The effects of higenamine and its 1-naphthyl analogs, YS-49 and YS-51, on thromboxane A(2) (TXA(2)) formation from arachidonic acid (AA) and aggregation in platelets, were investigated. YS-49 and YS-51 (IC(50); 32.8 and 39.4 microM respectively) exhibited much stronger inhibitory effects on TXA(2) formation than higenamine (IC(50); 2.99 mM). The higher inhibitory potencies of YS-49 and YS-51 (IC(50): 3.3 and 5.7 microM respectively) than higenamine (IC(50): 140 microM) on AA induced rat platelet aggregation was presumed to be the result of low inhibitory effect of higenamine than YS-49 and YS-51 on TXA(2) production from AA. Among the present three compounds, the more hydrophobic naphthylmethyl groups were supposed to be more favorable than p-hydroxybenzyl moiety, at 1-position of the tetrahydroisoquinoline ring, to display the inhibitory effects on TXA(2) production and AA induced aggregation of platelets.
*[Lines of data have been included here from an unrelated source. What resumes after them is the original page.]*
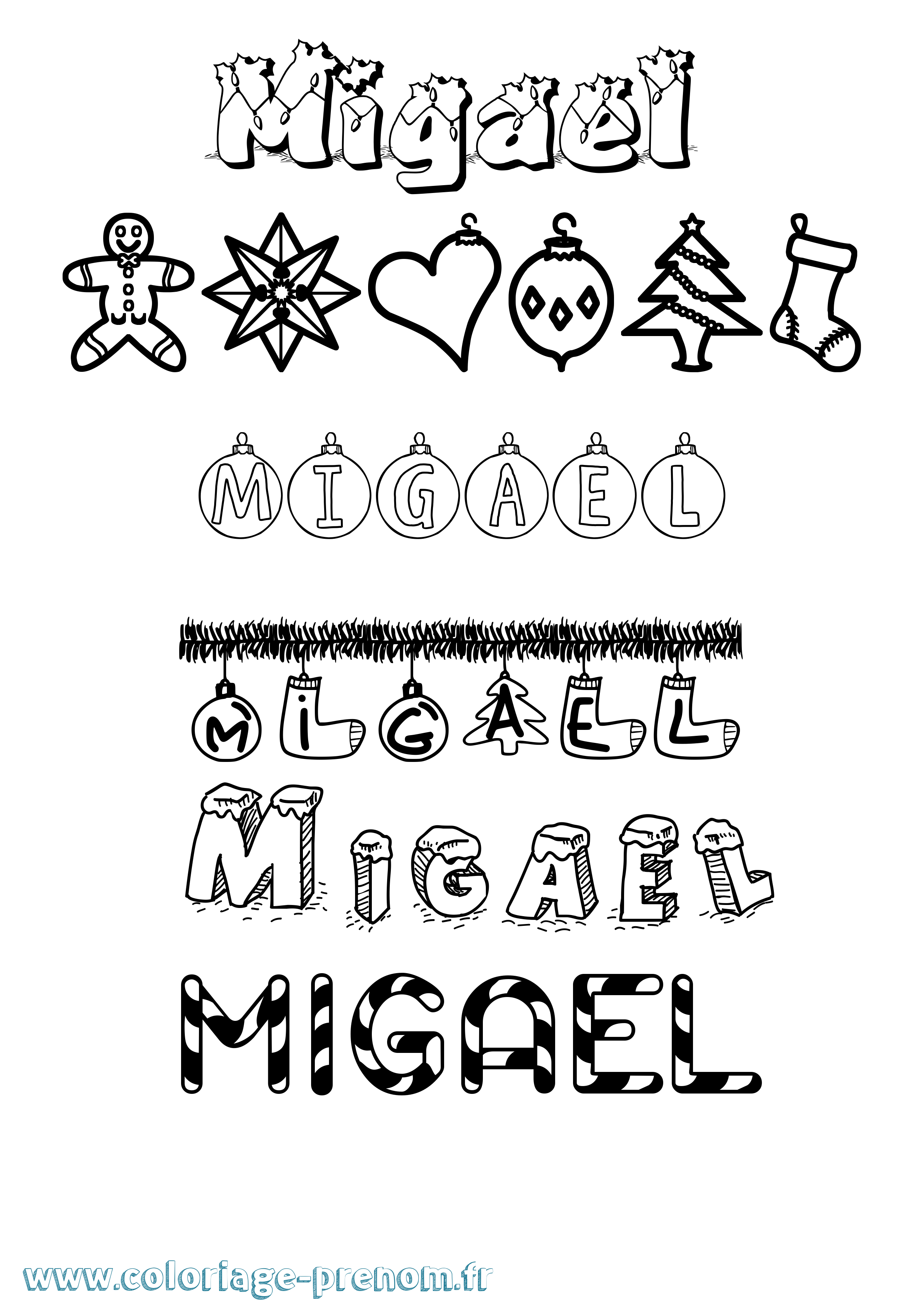 Coloriage Migael Noël Coloriage prénom Migael Noël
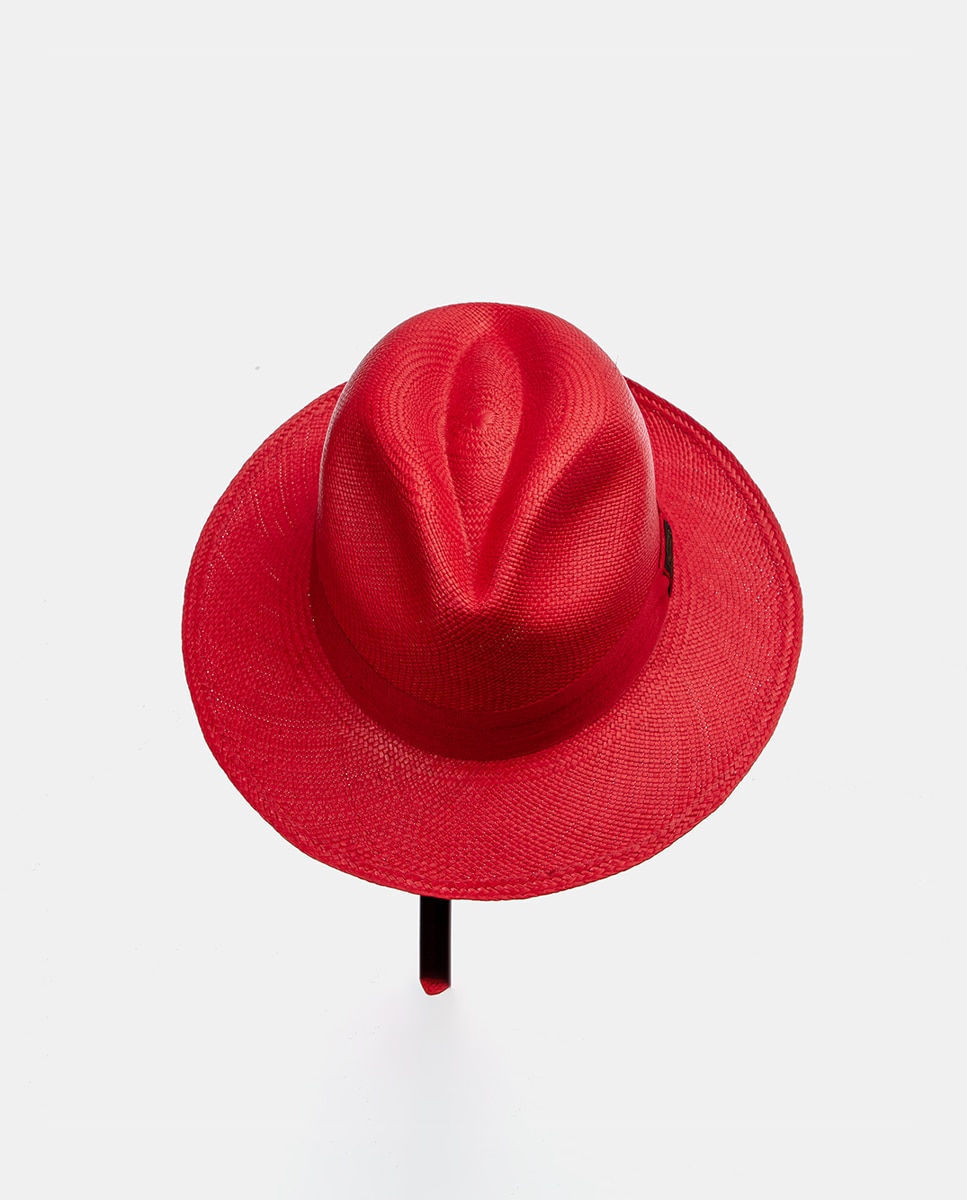 Chapéu Feito à mão em Palha Toquilla - Vermelho Vermelho-2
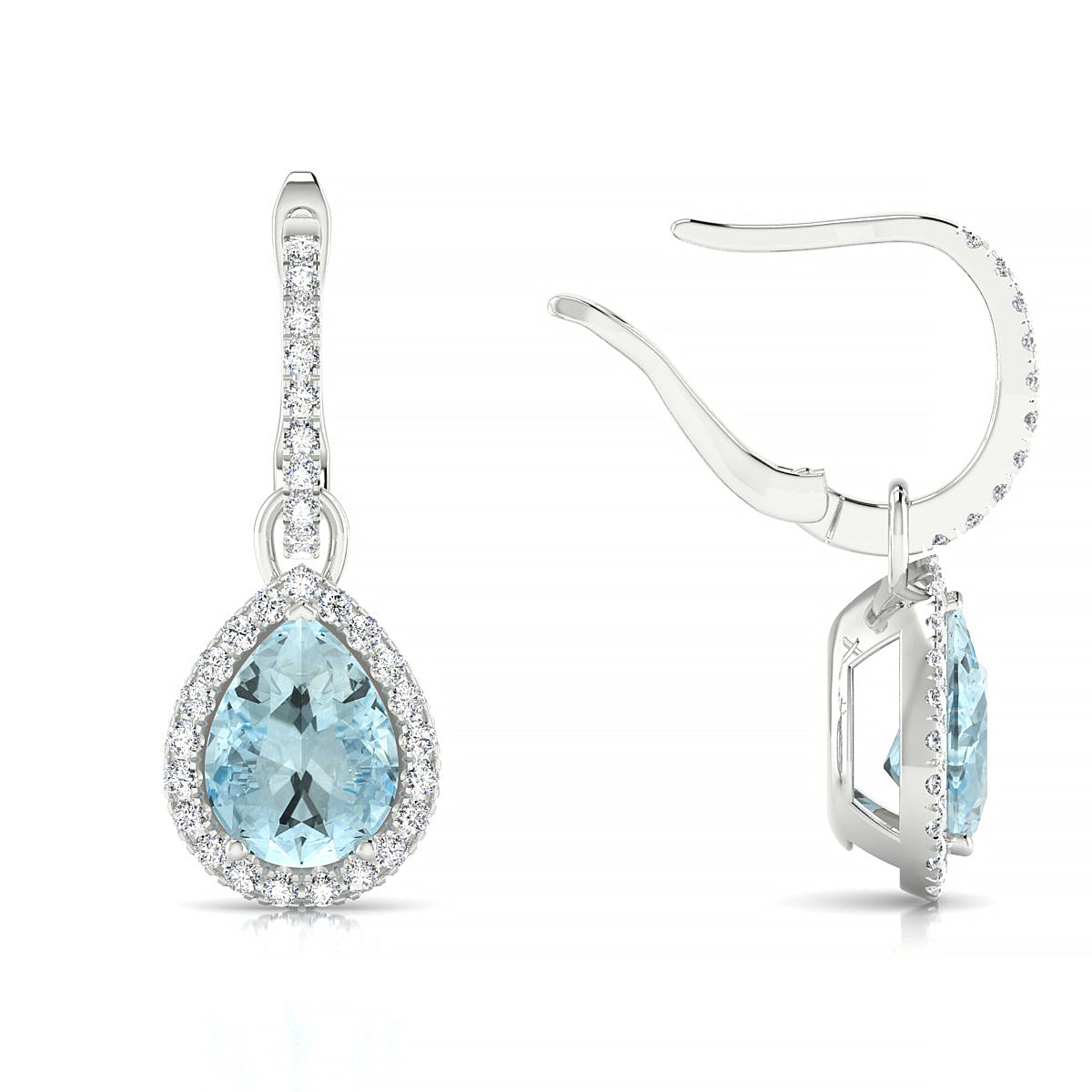 Sunrise | 18k White Gold 8 x 6 mm Pear Aquamarine Earrings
In addition, higenamine, YS-49 and YS-51 were observed directly antagonistic on TXA(2) receptor (TP receptors) by displaying inhibitory effects to U46619 (TXA(2) mimetic) induced platelet aggregation, however all of the three compounds showed similar order of inhibitory potencies. The present results are suggestive that YS-49 and YS-51 exert their inhibitory effects on AA-induced platelet aggregation partly by inhibiting the production of TXA(2) from AA and partly by directly blocking the TP receptor, in addition to the previously reported effects on alpha(2)-adrenergic receptor. On the other hand, higenamine is supposed to antagonize AA-induced platelet aggregation by mostly directly blocking the TP receptor.
YS 49, 1-(alpha-naphtylmethyl)-6,7-dihydroxy-1,2,3,4-tetrahydroisoquinoline, regulates angiotensin II-stimulated ROS production, JNK phosphorylation and vascular smooth muscle cell proliferation via the induction of heme oxygenase-1.[Pubmed:18262205]
Life Sci. 2008 Mar 12;82(11-12):600-7.
Overexpression of the gene for heme oxygenase (HO)-1 leads to a reduction in pressor responsiveness to angiotensin II (Ang II) in experimental animals. Using rat vascular smooth muscle cells (VSMCs), we tested whether YS 49 [1-(alpha-naphtylmethyl)-6,7-dihydroxy-1,2,3,4-tetrahydroisoquinoline] inhibits Ang II-stimulated proliferation of VSMCs via induction of HO-1. YS 49 induced HO-1 protein production in a dose-and time-dependent manner in VSMCs. Treatment with YS 49 significantly and dose-dependently inhibited Ang II-induced VSMC proliferation, ROS production, and phosphorylation of JNK, but not P38 MAP kinase or ERK1/2. The antiproliferation effect of YS 49 was reversed by pretreatment with the HO-1 inhibitor zinc protoporphyrin IX (ZnPPIX), or with hemoglobin, a carbon monoxide (CO) scavenger. Similarly, VSMC proliferation, ROS production and phosphorylation of JNK by Ang II were significantly inhibited in VSMCs transfected with the HO-1 gene. Thus, HO-1 and the HO-1 product CO play, at least in part, a crucial role in Ang II-stimulated VSMC proliferation through the regulation of ROS production and JNK phosphorylation. Therefore, YS 49 has potential as a therapeutic strategy for the pathogenesis of Ang II-related vascular diseases such as hypertension and atherosclerosis, via the induction of HO-1 gene activity.